Published: Wednesday, October 10, 2012, 12:38 p.m.
Updated: Tuesday, February 19, 2013

Toshiba Corp. said it will go ahead with a deal to raise its stake in nuclear power subsidiary Westinghouse Electric Co. despite uncertainty about the future of the technology in Japan after the nuclear disaster in Fukushima.

The Japanese electronics maker said Wednesday it will purchase another 20 percent stake from U.S.-based Shaw Group for $1.6 billion, raising Toshiba's ownership to 87 percent. Shaw paid $1.08 billion for its share of Westinghouse in 2006.

The deal with Shaw was announced in September 2011.

About 10 percent of Westinghouse is owned by Kazatamprom, a state-owned uranium company in Kazakhstan, which acquired its stake from Toshiba in 2007. Another Japanese company, Ishikawajima-Harima Heavy Industries Co., a heavy-machine maker, owns a 3 percent share of Westinghouse, which it acquired for about $160 million in 2006.

Westinghouse is under contract to supply four nuclear reactors in the United States and four in China, and is talking with potential partners to expand its business.

Westinghouse designed 62 of the 104 nuclear reactors in the United States and roughly 45 percent of the world's 440 nuclear reactors. The company employs about 14,000 people, including about 6,000 in Western Pennsylvania, mostly at its headquarters in Cranberry.

Toshiba acquired control of Westinghouse in 2006 from British Nuclear Fuels plc in a $4.2 billion deal. BNFL acquired Westinghouse in 1999 for $1.2 billion from CBS Corp.
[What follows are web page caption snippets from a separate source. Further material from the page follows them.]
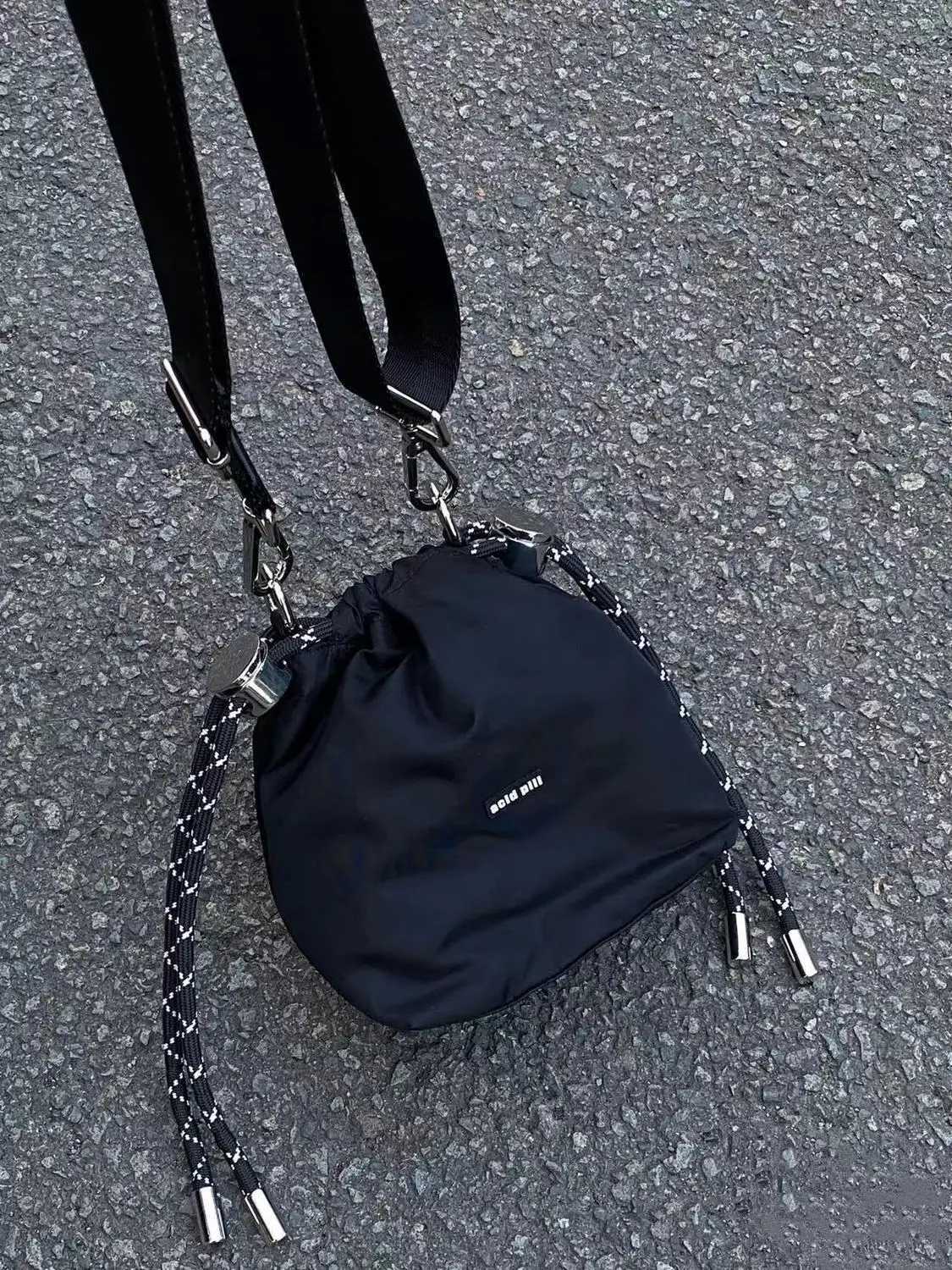 LEFTSIDE 2024 Spring Casual silk fabrics Design Women Handbags and Purses Trend Simple Fashion Black drawstring Crossbody BagsT251007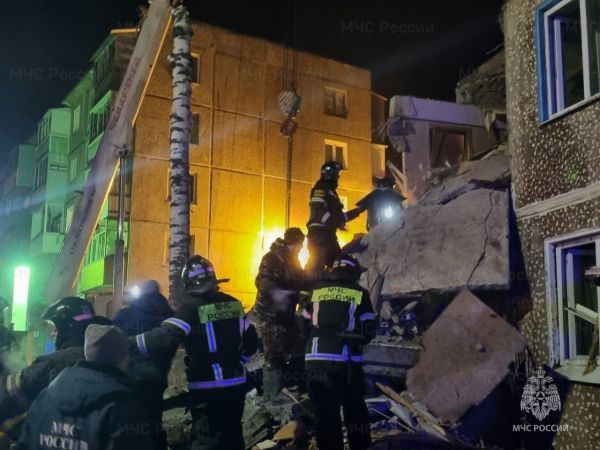 МЧС поощрит коммунальщиков, спасших людей после взрыва в Ефремове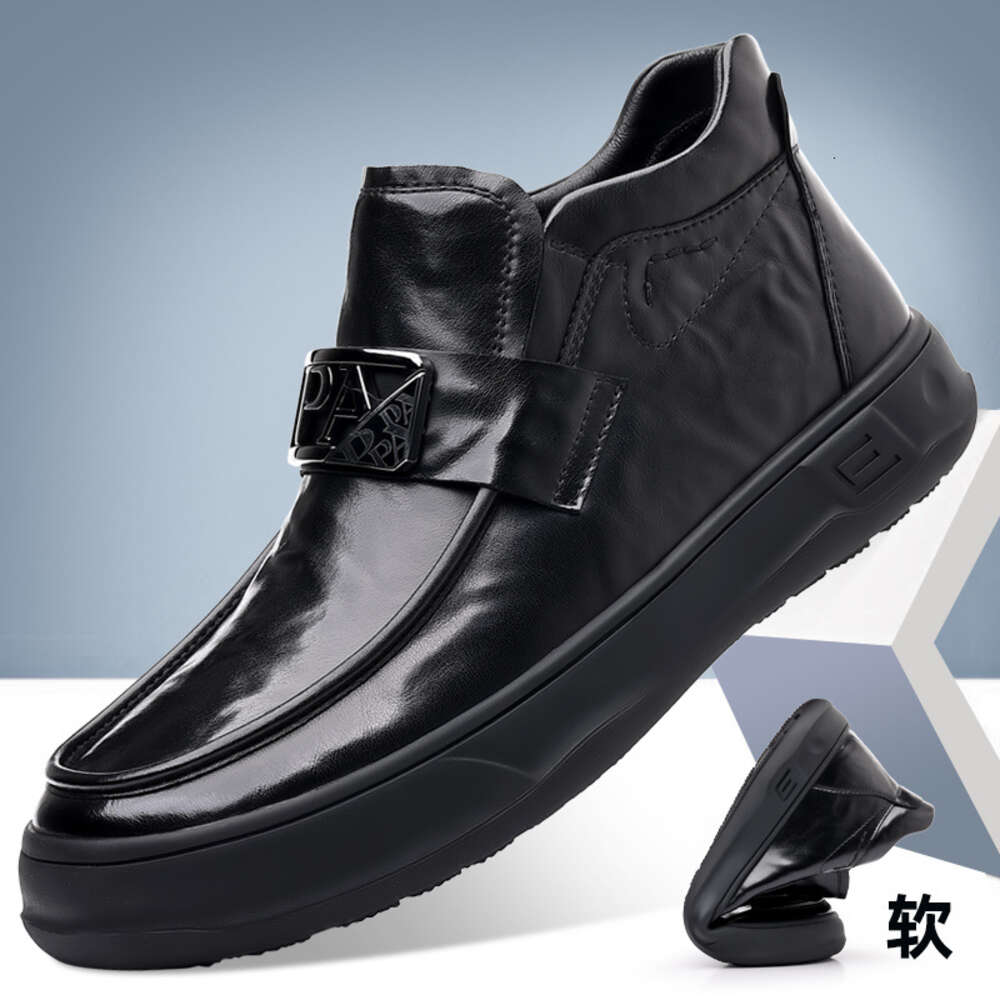 Versatile Autumn New Leather Shoes Men S Mid Top Martin Waterproof And Anti Slip Workwear Trendy Motorcycle Black Short Boots Ddmysaturn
Public worries about atomic energy surged in Japan after the tsunami last year set off multiple meltdowns at Fukushima Daiichi nuclear power plant.

None of those reactors were supplied by Westinghouse.

All of Japan's reactors were put offline, but two were brought back earlier this year. The Japanese government is targeting a phase-out of nuclear power by 2040.

The Associated Press contributed to this report.